In the case of the certificates here in question, local transportation was on a route or routes for which the carrier had authority from the Commission. The Commission issued a certificate to Funbus authorizing Funbus “to conduct regular-route transportation in intrastate, interstate, or foreign commerce at all intermediate points over twelve routes that form a network connecting points in Southern California and Las Vegas.” Funbus Systems, Inc., ICC No. MC-C-10917, at 10-11 (Dec. 28, 1984). Funbus then began operating a bus service between Los Angeles International Airport, Buena Park, and Anaheim, all within the state of California. The Commission granted Lounge Car’s application “to transport passengers in intrastate, interstate, and foreign commerce over nine routes ... [that] extend between Los Ange-les, CA, or points in the vicinity, on the one hand, and, on the other, San Francisco, CA; San Ysidro, CA; Phoenix, AZ; and Las Vegas, NV.” Lounge Car Tours Charter Company, Inc., ICC No. MC-153325 (Sub-No. 2), at 1 (Oct. 4,1984). Lounge Car had been operating a regular-route bus operation between Los Angeles International Airport and Anaheim. While the parties objecting to the Commission’s holding claim that the Lounge Car certificate in particular was a subterfuge to avoid state regulation, the facts in the record do not compel that inference. The ordinary processes and discretion of the agency are sufficient to ensure that it will not allow the integrity of the Act to be undermined in this regard.
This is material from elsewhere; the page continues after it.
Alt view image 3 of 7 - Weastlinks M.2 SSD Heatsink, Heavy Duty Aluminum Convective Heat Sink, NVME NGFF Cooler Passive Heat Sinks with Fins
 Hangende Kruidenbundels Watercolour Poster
I agree with the holding of the majority on all of the procedural aspects of this case, Parts I through III of the majority opinion, and the court’s holding regarding mootness in Part VI of its opinion. I further agree, for the reasons given by the Commission, that the service here is not a special operation under 49 U.S.C. § 10922(c)(2)(H), and that the incidental to air exception, 49 U.S.C. § 10526(a)(8)(A), is not applicable. On the principal issue of the Commission’s jurisdiction and authority to issue the intrastate certificates, I must tender this dissent.